First find the line with "hanging shirt with wood hanger on wall photo", then reproduce it and all following lines of the data to the end, exactly and with no pictures, adding nothing.

▸ EXERCISE DATA:
━━━━

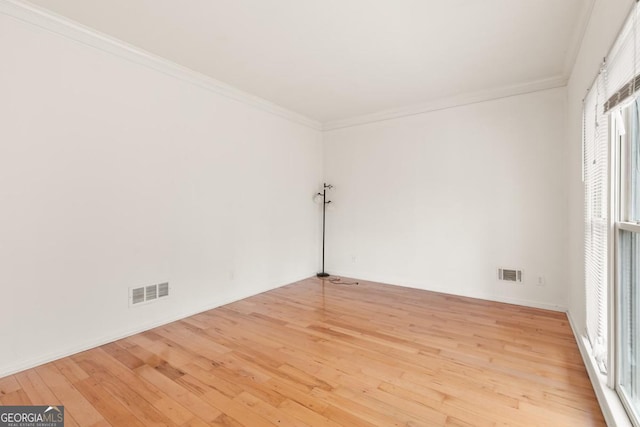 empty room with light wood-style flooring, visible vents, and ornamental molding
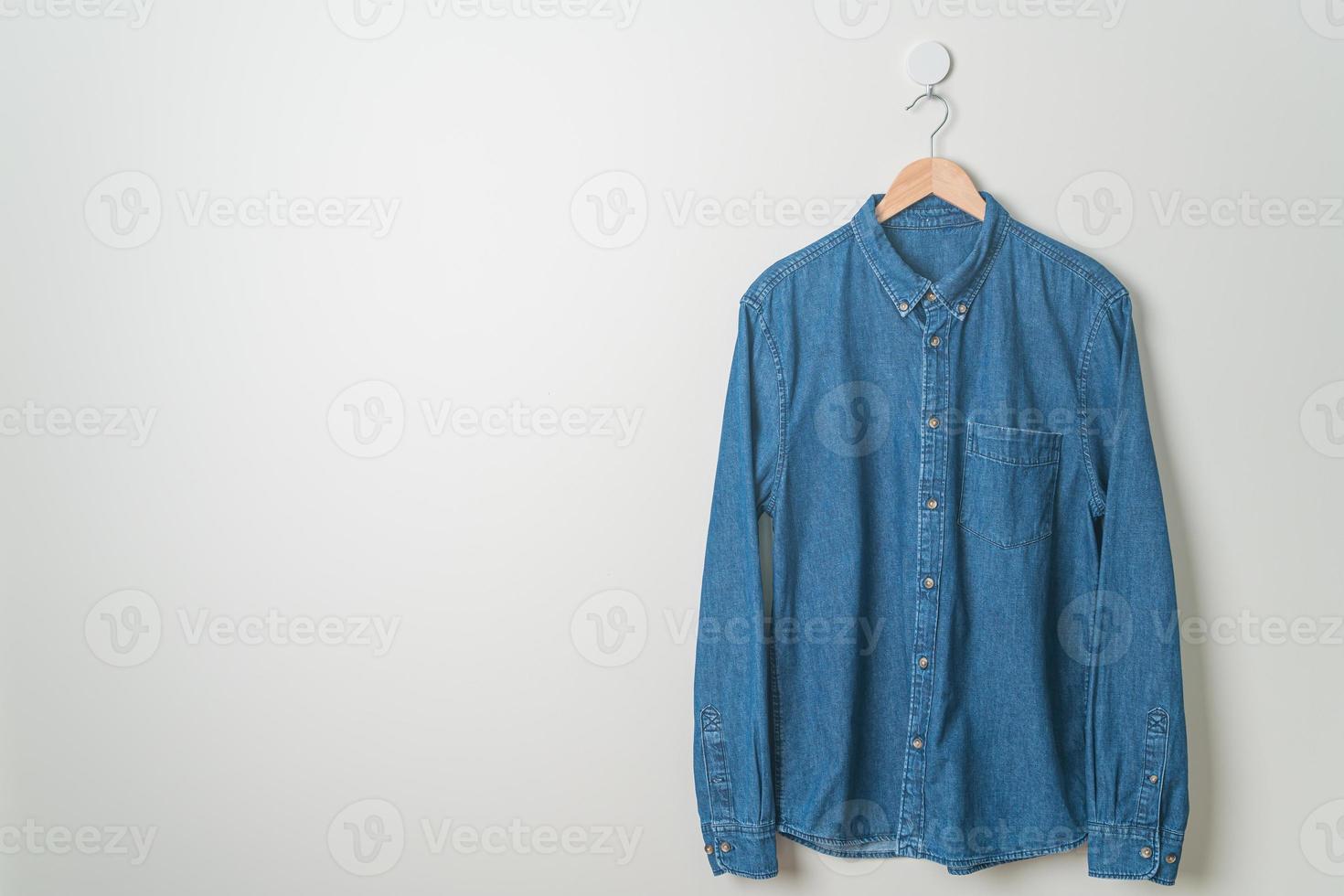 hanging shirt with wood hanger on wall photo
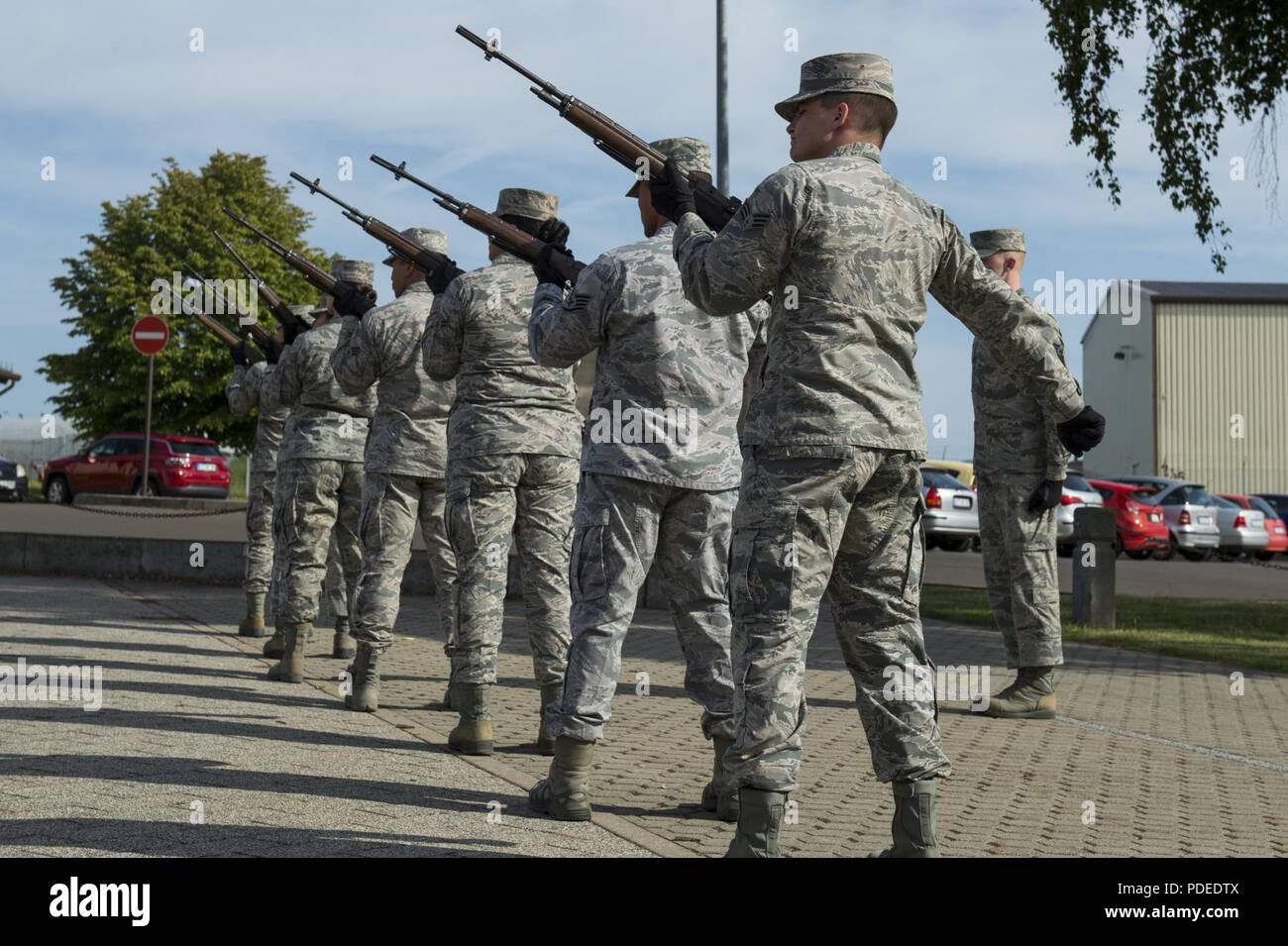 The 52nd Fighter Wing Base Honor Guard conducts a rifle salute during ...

━━━━

▸ RESPONSE:
 hanging shirt with wood hanger on wall photo
 The 52nd Fighter Wing Base Honor Guard conducts a rifle salute during ...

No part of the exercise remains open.